Problem statement
Transcribe the listing below word for word but skip its images.

START Source data

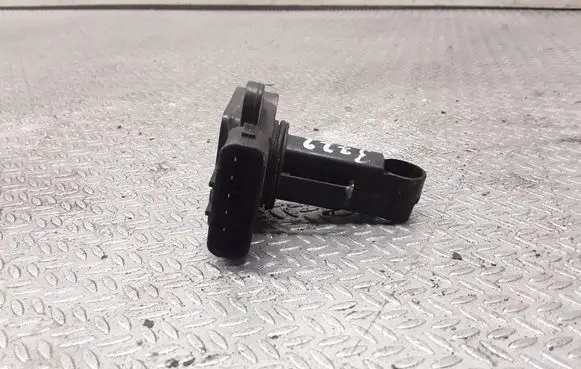 Toyota Corolla E120 E130 Mass air flow meter 8ET00914290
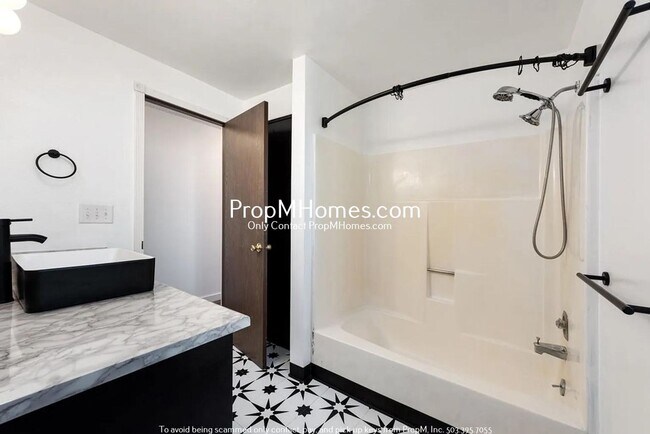 Building Photo - Updated Two Bedroom Home in Lafayette!
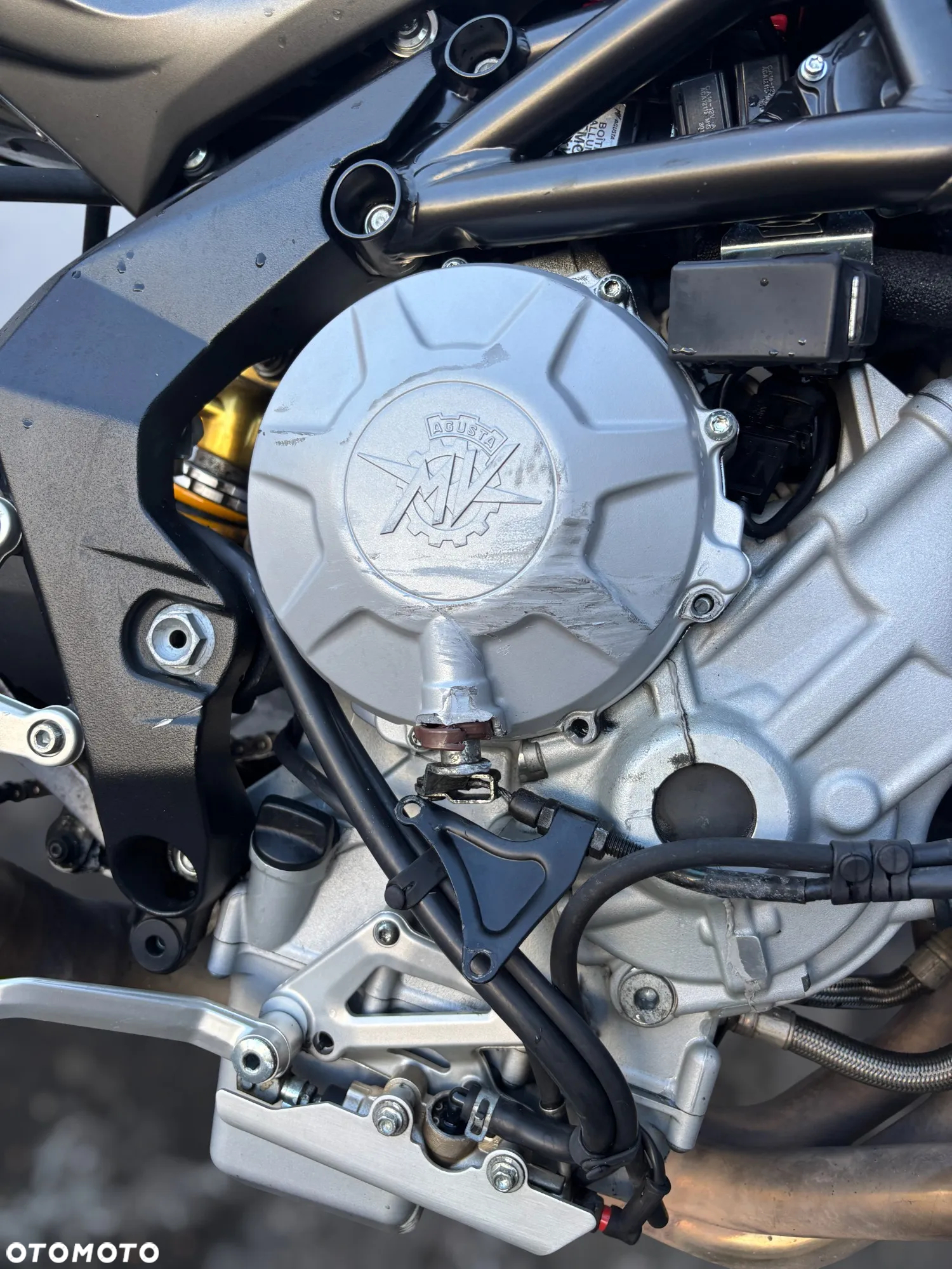 MV AGUSTA Brutale - 12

END Source data

Result below
 Toyota Corolla E120 E130 Mass air flow meter 8ET00914290
 Building Photo - Updated Two Bedroom Home in Lafayette!
 MV AGUSTA Brutale - 12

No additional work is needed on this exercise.